デジタル・リマスターされた音源があり、とくに超絶レア盤でもない本作だが、和物をプレイするDJがこぞって取り上げたために人気が高まっているようだ。
2枚使いのDJプレイの予備にとか、音質の良い初期ロットを探しているなど、そういったことで競争率が上がっているのだろう。
1976年11月にワーナー・パイオニアでは廃盤を含むレコードの型番を一新しているが、この時に新しい型番で再発売されたのが代表曲「北国行きで」とこのシングルだった。
2019年11月には、レコードの日限定盤として「愛のめざめ」と共にHMV record shopから再発売された。
朱里エイコ自身がアイデアを出し、作詞した作品である。
スラップベース、軽快なオルガンにブラス、パワフルなコーラス、歌詞の中にもあるようにまさにグルービーな曲になっている。これは洋楽カバーを長らく手がけていた東海林修のセンスによるものが大きい。
コーラスとの掛け合いが、ええじゃないか節のように面白いノリになっていくところなんかは、ダサかっこいいどころか超かっこいい。

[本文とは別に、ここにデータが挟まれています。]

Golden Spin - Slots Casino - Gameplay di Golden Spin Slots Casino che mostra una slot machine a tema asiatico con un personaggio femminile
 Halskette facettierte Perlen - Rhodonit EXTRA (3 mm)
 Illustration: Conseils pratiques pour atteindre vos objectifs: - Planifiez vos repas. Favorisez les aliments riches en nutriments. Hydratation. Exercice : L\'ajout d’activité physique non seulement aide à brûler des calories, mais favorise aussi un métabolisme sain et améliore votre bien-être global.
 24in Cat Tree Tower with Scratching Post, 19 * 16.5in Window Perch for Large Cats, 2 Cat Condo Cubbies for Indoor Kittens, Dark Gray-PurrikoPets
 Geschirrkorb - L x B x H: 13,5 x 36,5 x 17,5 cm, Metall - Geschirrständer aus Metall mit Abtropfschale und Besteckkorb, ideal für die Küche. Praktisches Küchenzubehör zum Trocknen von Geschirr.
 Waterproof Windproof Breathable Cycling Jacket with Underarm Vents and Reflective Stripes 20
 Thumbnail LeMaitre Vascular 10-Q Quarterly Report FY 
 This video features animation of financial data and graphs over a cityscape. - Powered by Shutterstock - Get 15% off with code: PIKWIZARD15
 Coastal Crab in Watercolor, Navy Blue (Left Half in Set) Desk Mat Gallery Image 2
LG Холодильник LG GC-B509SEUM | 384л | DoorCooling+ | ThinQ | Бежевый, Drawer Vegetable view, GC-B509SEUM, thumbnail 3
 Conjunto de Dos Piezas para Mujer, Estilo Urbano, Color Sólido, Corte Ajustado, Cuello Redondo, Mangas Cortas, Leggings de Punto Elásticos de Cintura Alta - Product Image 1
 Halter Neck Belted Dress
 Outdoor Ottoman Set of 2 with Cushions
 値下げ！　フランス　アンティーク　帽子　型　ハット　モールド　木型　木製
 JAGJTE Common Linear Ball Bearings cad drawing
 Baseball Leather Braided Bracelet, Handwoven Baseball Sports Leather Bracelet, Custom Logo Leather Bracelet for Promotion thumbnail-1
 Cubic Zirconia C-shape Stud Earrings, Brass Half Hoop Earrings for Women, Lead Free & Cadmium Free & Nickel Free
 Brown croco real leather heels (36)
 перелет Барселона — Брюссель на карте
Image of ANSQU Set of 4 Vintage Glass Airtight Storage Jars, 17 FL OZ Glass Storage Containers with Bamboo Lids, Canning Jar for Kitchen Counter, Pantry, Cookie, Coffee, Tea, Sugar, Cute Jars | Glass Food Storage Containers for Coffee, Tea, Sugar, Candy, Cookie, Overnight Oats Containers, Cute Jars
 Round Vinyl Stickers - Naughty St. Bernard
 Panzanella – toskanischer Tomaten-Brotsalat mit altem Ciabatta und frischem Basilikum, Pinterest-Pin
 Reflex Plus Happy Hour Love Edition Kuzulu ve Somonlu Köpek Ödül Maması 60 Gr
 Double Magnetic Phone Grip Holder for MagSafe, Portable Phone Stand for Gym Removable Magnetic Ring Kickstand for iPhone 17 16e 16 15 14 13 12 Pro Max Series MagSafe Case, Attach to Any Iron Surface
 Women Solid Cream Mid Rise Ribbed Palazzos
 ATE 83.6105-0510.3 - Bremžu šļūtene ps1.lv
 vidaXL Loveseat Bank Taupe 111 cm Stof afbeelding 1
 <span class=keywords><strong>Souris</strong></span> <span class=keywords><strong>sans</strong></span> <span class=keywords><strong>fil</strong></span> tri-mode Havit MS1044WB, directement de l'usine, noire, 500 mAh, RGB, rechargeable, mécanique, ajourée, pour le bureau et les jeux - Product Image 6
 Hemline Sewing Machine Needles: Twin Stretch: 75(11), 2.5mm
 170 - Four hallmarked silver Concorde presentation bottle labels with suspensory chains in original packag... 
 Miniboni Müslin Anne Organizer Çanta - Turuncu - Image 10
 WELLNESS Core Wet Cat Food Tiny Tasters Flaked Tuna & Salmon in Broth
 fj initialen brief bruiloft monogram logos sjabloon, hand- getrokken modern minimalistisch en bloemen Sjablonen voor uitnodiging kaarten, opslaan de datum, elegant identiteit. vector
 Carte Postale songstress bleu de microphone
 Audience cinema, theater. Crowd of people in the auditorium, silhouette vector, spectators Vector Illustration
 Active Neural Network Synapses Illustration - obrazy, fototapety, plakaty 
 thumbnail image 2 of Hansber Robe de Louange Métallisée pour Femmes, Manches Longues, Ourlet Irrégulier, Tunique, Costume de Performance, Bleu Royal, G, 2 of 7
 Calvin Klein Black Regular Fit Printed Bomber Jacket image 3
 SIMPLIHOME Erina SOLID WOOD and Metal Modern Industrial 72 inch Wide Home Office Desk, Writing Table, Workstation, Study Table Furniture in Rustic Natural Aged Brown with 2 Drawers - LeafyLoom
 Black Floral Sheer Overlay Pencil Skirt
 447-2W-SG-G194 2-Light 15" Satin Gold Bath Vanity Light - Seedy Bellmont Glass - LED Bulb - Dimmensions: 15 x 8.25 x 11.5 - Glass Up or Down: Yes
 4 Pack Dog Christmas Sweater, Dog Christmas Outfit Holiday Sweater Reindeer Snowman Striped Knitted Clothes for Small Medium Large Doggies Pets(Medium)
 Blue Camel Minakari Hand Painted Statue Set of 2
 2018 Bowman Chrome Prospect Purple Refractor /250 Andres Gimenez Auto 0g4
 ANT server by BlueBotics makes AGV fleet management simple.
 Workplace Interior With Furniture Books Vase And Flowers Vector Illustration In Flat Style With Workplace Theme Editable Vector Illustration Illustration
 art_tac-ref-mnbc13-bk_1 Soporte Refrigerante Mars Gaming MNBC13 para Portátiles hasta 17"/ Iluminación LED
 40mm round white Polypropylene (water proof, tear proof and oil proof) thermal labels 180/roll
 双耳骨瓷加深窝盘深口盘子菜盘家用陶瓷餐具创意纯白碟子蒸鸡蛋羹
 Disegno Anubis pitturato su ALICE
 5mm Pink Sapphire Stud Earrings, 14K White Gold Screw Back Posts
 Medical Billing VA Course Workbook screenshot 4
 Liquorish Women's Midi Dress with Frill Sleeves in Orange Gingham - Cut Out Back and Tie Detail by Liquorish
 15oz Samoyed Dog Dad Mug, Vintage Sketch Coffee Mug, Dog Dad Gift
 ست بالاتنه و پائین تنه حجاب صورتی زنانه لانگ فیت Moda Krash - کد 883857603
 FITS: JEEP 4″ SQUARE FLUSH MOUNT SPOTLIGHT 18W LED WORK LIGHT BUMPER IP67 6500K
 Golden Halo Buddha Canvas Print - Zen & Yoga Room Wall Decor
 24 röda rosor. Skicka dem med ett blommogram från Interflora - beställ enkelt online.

楽曲内で演奏される津軽三味線は木田林孝栄氏によるもの。木田林孝栄氏は初代・木田林松栄氏に師事し、当時多忙であった木田林松栄氏に代わってレコーディングからコンサートツアーまで全て同行されたとのこと(情報提供、沖様)。
津軽三味線の名手・木田林松栄氏は、石川晶とカウントバッファローズと組んだアルバム「津軽じょんがら節 ドラム&津軽三味線」が特に有名。
この和楽器とファンクのフュージョンはとりわけアメリカで受けたようで、「AH SO」のフレーズに「AH SO」と掛け声がかかったそうだ。
1990年代中頃からレア・グルーブとして人気に火がつき、今となってはもはや代表曲のひとつとしてもいいぐらいだ。
ところで、菅内閣で内閣官房参与を務めた、評論家または思想家・歴史家である松本健一は、昭和天皇がよく口にした「あっそう」と絡めて、この曲について著書や雑誌記事の中で度々言及している。面白い点があるので引用する。
――天皇訪米(※1975年9月30日~10月14日)にあやかろうとした音楽関係者たちのもくろみの結果として生まれた歌なのかもしれない。(「私の同時代史」第三文明社, 1981年, pp.281-282)
――その後、かの女の「Ah, So!」という歌声を一度もきいた憶えがないから、何らかの圧力がかかったのかもしれない。圧力をかけたとすれば、宮内庁あたりだろう、と察しはつく(「畏るべき昭和天皇」毎日新聞社, 2007年, pp.31-32)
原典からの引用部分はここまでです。